Santa Monica, Calif.—Recalling his time years ago working in the pay-per-view business, Epix CEO Mark Greenberg described a dinner that he had once with boxing promoter Don King. Greenberg had just returned from Israel, where he had visited the Western Wall, which prompted a brainstorm from King—to stage a fight in Israel and promote it as “The Brawl at the Wall.” The idea was overheard by a waiter, who related it to the kitchen staff, and reported back to Greenberg and King that the it was a winner.
“See, we aren’t just selling an event,” King told Greenberg. “We’re selling an experience.”
In his keynote address Tuesday at the Next TV Summit in Santa Monica, as well as a Q&A that followed with Multichannel News technology editor Jeff Baumgartner, Greenberg returned several times to the theme of television as an experience that must put customer convenience at the forefront.
As an example of a way in which Epix—a premium network and joint venture of Viacom, MGM and Lionsgate—is attempting to follow that directive, Greenberg cited the network’s Screening Room app, which allows Epix subscribers to invite friends to view programming with them in a live chat room.
Greenberg also stressed the importance of embracing TV Everywhere and making it easier to use.
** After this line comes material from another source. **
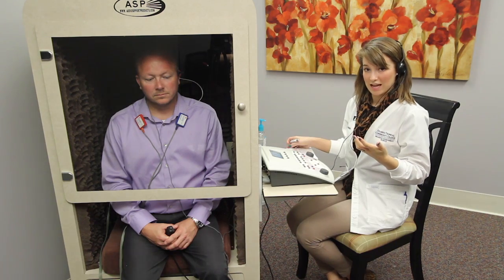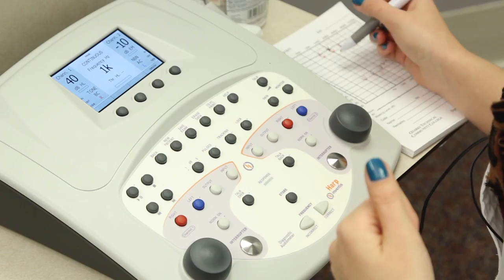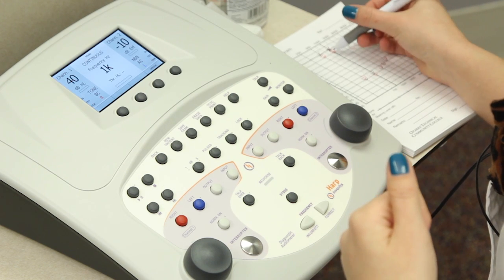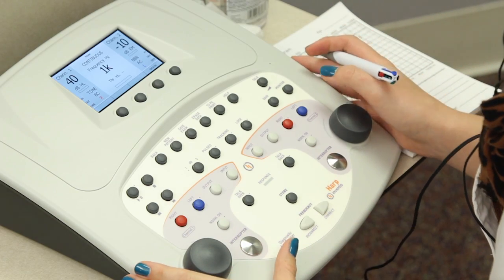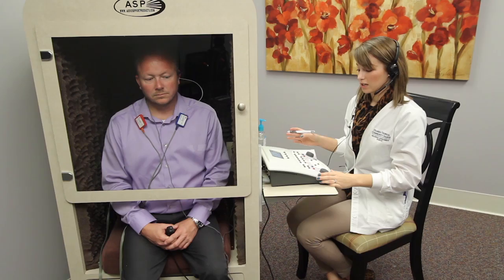Our starting levels are going to be the same as air conduction — we're going to start at 40 decibels. Our masking levels will be 10 decibels above the non-test ear's air thresholds. We're going to start at 1,000, work up to the high frequencies, and then go back down to the low frequencies.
Baumgartner asked for a show of hands as to how many audience members know how to log in to TV Everywhere services, prompting a small smattering of arms to to go up.
“It’s not user friendly,” Greenberg said of TV Everywhere. “We have to put the consumer at the center of our business.”
Greenberg noted that the average subscriber for HBO and Showtime is 49 years old, and estimated that that number could rise to 59 within the next 10 years. He warned of what could become of the TV industry if it continues to treat younger viewers who embrace digital consumption as “barbarians who must be kept away from the gates,” noting that Epix’s offices in Times Square are situated across from a storefront that used to house a Virgin Megastore and is now a Forever 21.
“I’d argue that the music industry missed giving that audience wants,” he said. “That audience wants what they want on their own terms.”